BRIEF DESCRIPTION OF THE DRAWINGS
For a better understanding of the present invention, reference may
be had to the following detailed description taken in conjunction
with the accompanying drawings in which:
FIG. 1 is a simplified partial cross-sectional view of an exemplary
gas turbine engine illustrating the location of the turbine vanes
to be cooled;
FIG. 2 is a simplified perspective view of a turbine vane of the
prior art;
FIG. 3 is a cross-sectional view taken through a turbine vane of
the type shown in FIG. 2; and
FIG. 4 is a cross-sectional view taken through a turbine vane
having a blunt leading edge and incorporating film cooling in
accordance with the present invention.
DETAILED DESCRIPTION OF THE INVENTION
FIG. 1 illustrates a triple spool front fan high-bypass ratio
ducted fan gas turbine engine 10 with which the present invention
may be used.

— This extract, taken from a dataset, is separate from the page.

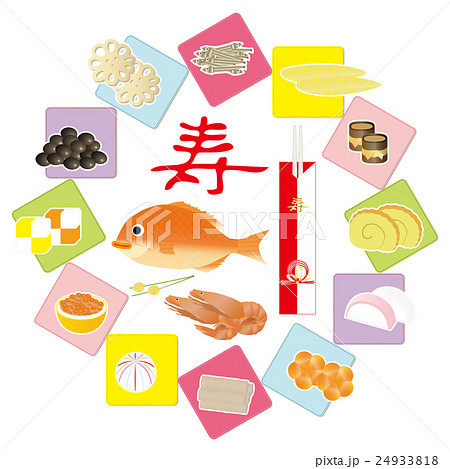 おせち料理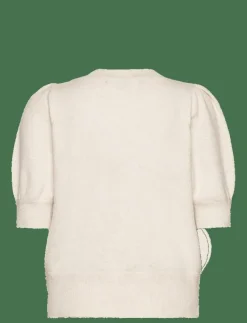 Vero Moda VMDOFFY 2/4 O-NECK PULLOVER GA NOOS - Stickat|Kvinnor Kläder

The engine 10 includes a ducted fan 12, intermediate
and high pressure compressor sections 14 and 16, respectively, a
combustion chamber 18, a turbine stage 20, and an exhaust nozzle
22. The turbine stage 20 may be divided into high, low, and
intermediate sections for providing power to the fan 12 and
compressor sections 14, 16 through corresponding elements of a
central shaft 24. Shaft section 24A connects the final turbine
disks 20A to fan 12, shaft section 24B connects turbine disk 20B to
compressor section 14, and shaft section 24C connects turbine disk
20C to compressor section 16. Air compressed by fan 12 and the
compressor sections 14, 16 is mixed with fuel and combusted in
combustion chamber 18. The combustion products expand through the
turbine stage 20 and are exhausted through nozzle 22. Propulsive
thrust is provided by air moved outside the engine by the fan 12
coupled with some thrust provided by exhaust from the nozzle
22.
The turbine stage 20 includes a plurality of annular rows of
circumferentially spaced and radially extending nozzle guide vanes
26. Referring to FIG. 2, each vane 26 comprises an airfoil 28
having a radially inner platform 30 and a radially outer platform
32. The platforms 30 and 32 of adjacent vanes 26 cooperate with
each other as shown in FIG. 2 to define radially inner and outer
boundaries of a portion of the gas flow path through the turbine
stage 20. The airfoils 28 serve to direct the high temperature gas
stream from the combustion chamber 18 onto annular rows of rotor
blades coupled to respective sections of shaft 24. FIG. 3 is a
cross-sectional view taken through one of the airfoils 28 and
illustrates a prior art arrangement of cooling air holes 36 between
a hollow interior 34 and selected areas of the outer surface of the
airfoil. Cooling air delivered to the hollow interior 34 of the
airfoil and exhausted through the vent holes 36 flows along the
outer surface of the airfoil forming a film which cools the outer
surface and insulates it from the high temperature combustion
gases. The cooling air is generally supplied by tapping it from air
passing through the compressor section 16 in a manner well known in
the art.
The airfoil illustrated in cross-section in FIG. 3 represents a
typical prior art nozzle blade in which the airfoil has a
relatively continuous arc of curvature over its convex or suction
surface 38 extending from a relatively aerodynamic leading edge to
the trailing edge 42. The shape of the concave or pressure surface
44 is approximately the same as the suction surface 38. With such
smooth, continuously curved surfaces, it is relatively easy to
provide film cooling through use of substantially straight holes 36
passing through the walls 46. Some of these holes 36 may be
angularly oriented so that the cooling air is directed in the
direction of flow of the hot gas stream.
Film cooling is not primarily intended as protection of the surface
at the point of injection but rather as protection of the surface
at a region downstream of the injection location. The injection of
a cooling gas (air) into the boundary layer with film cooling may
be considered to produce an insulating layer or film between the
surface to be protected and the hot gas stream flowing over the
surface. The film layer also acts as a heat sink to lower the mean
temperature in the boundary layer adjacent the surface. As
described above, there is a trade-off between engine performance
and cooling air injection. If sufficient cooling air is not
injected onto the vane surface, the coolant will be dissipated too
quickly and will not be effective to protect the vane surface. If
the cooling air is injected at too high a rate, blow-off can occur.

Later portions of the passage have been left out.